- **EXERCISE**: What you need to produce from the material below is an exact transcription of the lines from the one with "Мяснов отдохни" through the one with "SONY(ソニー) コンパクトデジタルカメラ VLOGCAM ZV-1M2", both included, and no other line.

- **SUPPLIED MATERIAL**:
---+---
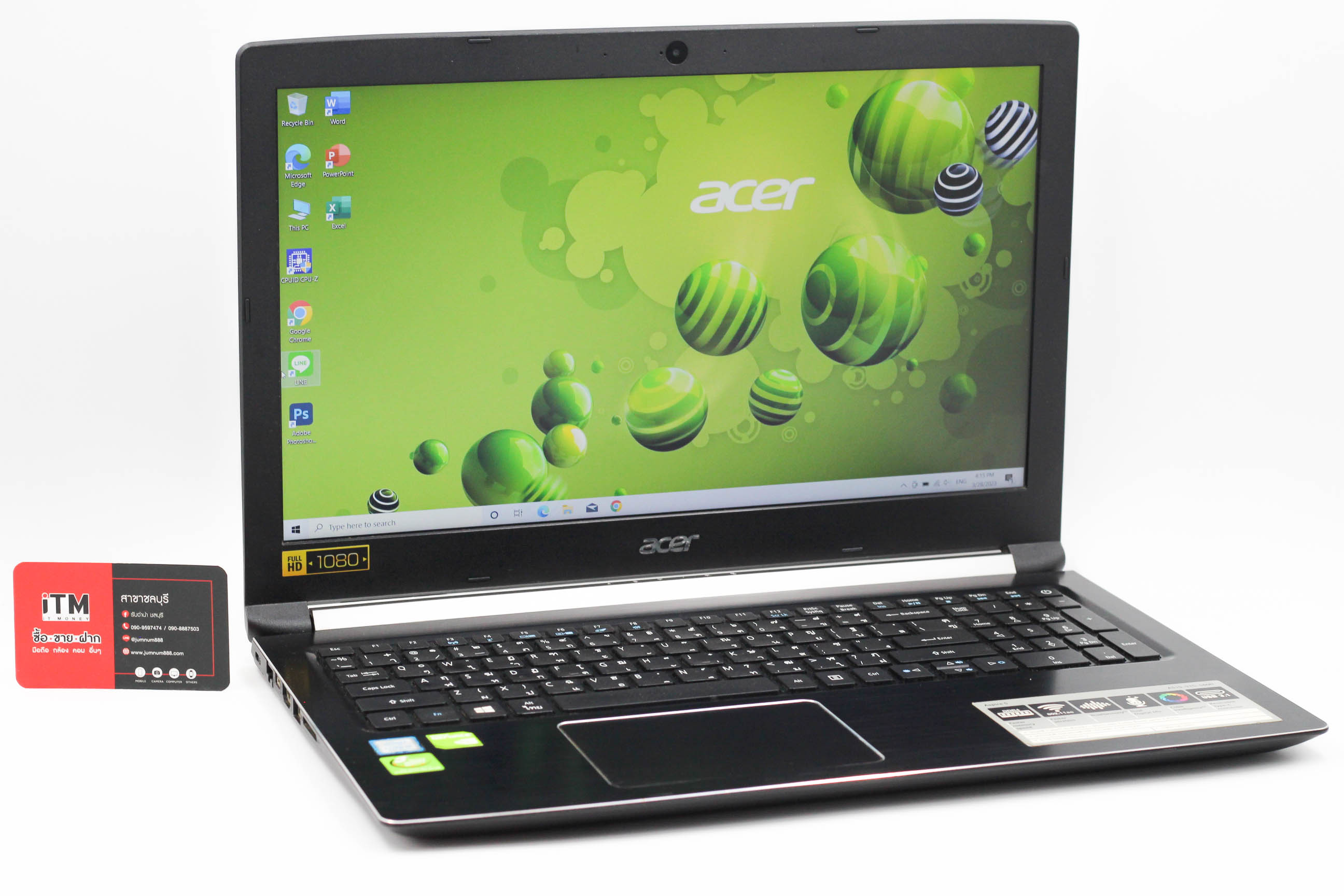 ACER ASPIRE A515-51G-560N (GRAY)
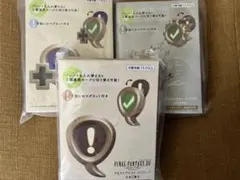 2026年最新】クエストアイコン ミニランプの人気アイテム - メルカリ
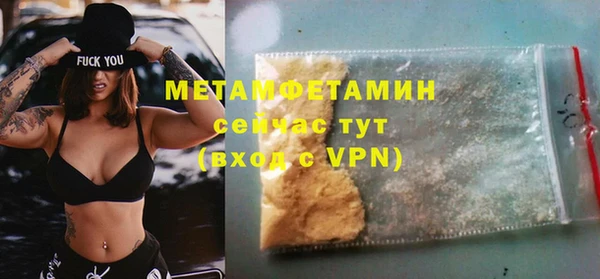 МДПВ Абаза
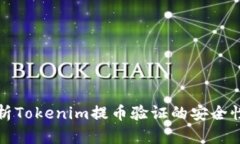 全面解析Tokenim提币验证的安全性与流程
---+---
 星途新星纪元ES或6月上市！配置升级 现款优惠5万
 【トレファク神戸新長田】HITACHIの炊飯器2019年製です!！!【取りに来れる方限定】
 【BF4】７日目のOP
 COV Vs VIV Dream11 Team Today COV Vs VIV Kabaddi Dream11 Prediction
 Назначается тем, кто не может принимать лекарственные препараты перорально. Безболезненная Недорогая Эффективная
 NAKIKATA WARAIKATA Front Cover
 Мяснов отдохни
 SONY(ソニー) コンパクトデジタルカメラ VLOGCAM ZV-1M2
---+---
- **SOLUTION**:
 Мяснов отдохни
 SONY(ソニー) コンパクトデジタルカメラ VLOGCAM ZV-1M2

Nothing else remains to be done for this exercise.